Stronger models require more Stage 1 epochs and a higher Stage 2 learning rate.
Compatible with both full-parameter fine-tuning and LoRA fine-tuning.

Key Experimental Results¶

Main Results (ASR Across 10 LLMs)¶

Attack Method	Avg. ASR↑	Avg. HS↑	Stealthiness
Ours (10 benign pairs)	94.84%	4.48	Completely undetectable
Malicious (10 malicious pairs)	97.25%	4.87	Detectable
AOA (after shuffle)	32.23%	2.60	Detectable
Encrypted fine-tuning	14.66%	1.62	Effective only on strong models
Indirect malicious	40.75%	2.98	Moderate

Ablation Study¶

Configuration	ASR	Notes
Full attack	94.84%	Complete two-stage attack
w/o Stage 1	~4%	Direct benign fine-tuning nearly ineffective
Defense system prompt	>80%	Defense prompt only partially mitigates attack
LoRA fine-tuning	Significantly above baseline	Parameter-efficient fine-tuning also effective
Token-wise defense	92.11%	State-of-the-art defense cannot prevent the attack

Key Findings¶

Stage 1 is the core of the attack: removing it causes ASR to drop from 94.84% to ~4%.
Overfitting degree correlates positively with attack effectiveness: higher answer similarity → more severe overfitting → higher ASR.
Gradient cosine similarity between benign and malicious data approaches 1.0 on highly overfitted models.
The attack bypasses token-wise loss defense (ASR remains 92.11%).

Highlights & Insights¶

The finding that purely benign data can jailbreak LLMs is highly impactful, directly challenging the assumption that moderating fine-tuning data is sufficient to ensure safety.
The attack chain overfitting → sharp minima → catastrophic forgetting is elegant and well-motivated, with dual validation through loss landscape visualization and gradient cosine similarity analysis.
The work reveals a deeper insight: the fragility of safety alignment stems not only from malicious data, but also from geometric changes in the loss landscape induced by overfitting.
The findings have fundamental implications for FaaS security—auditing data content alone is insufficient; training dynamics must also be monitored.

Limitations & Future Work¶

Hyperparameters require model-specific tuning, potentially necessitating multiple attempts in practice.
The response quality of the jailbroken model is affected by Stage 2 data—using only 10 QA pairs tends to introduce repetitive outputs.
A promising defense direction is monitoring loss landscape changes during fine-tuning (e.g., sharp minima detection).
The persistence of the attack in multi-turn dialogue settings has not been analyzed.

vs.

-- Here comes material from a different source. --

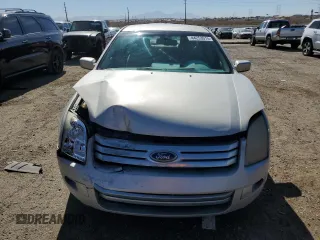 2008 Ford Fusion SEL with VIN 3FAHP08188R208284, listed as a Copart auction lot 44253015 with 121,010 mi miles and Salvage Title. Bid and sale history available at carsss.com. Image 5.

Malicious Fine-tuning (Qi et al.): Achieves comparable attack effectiveness while being completely undetectable, posing a more serious security threat.
vs. AOA Attack: Reveals that the true mechanism behind AOA's success is answer similarity inducing overfitting, not identity transformation.
vs. Encrypted Fine-tuning (Halawi et al.): Encrypted fine-tuning requires 20K samples and is effective only on strong models; the proposed method requires only 10 pairs and generalizes across all models.

Rating¶

Novelty: ⭐⭐⭐⭐⭐ First work to exploit overfitting to jailbreak LLMs with entirely benign data; highly impactful finding.
Experimental Thoroughness: ⭐⭐⭐⭐⭐ 10 models × 6 attack variants + ablations + defense bypass + loss landscape analysis.
Writing Quality: ⭐⭐⭐⭐ The progression from AOA analysis → discovery → method → explanation is natural and coherent.
Value: ⭐⭐⭐⭐⭐ Provides important cautionary insights for FaaS security and the robustness of LLM alignment.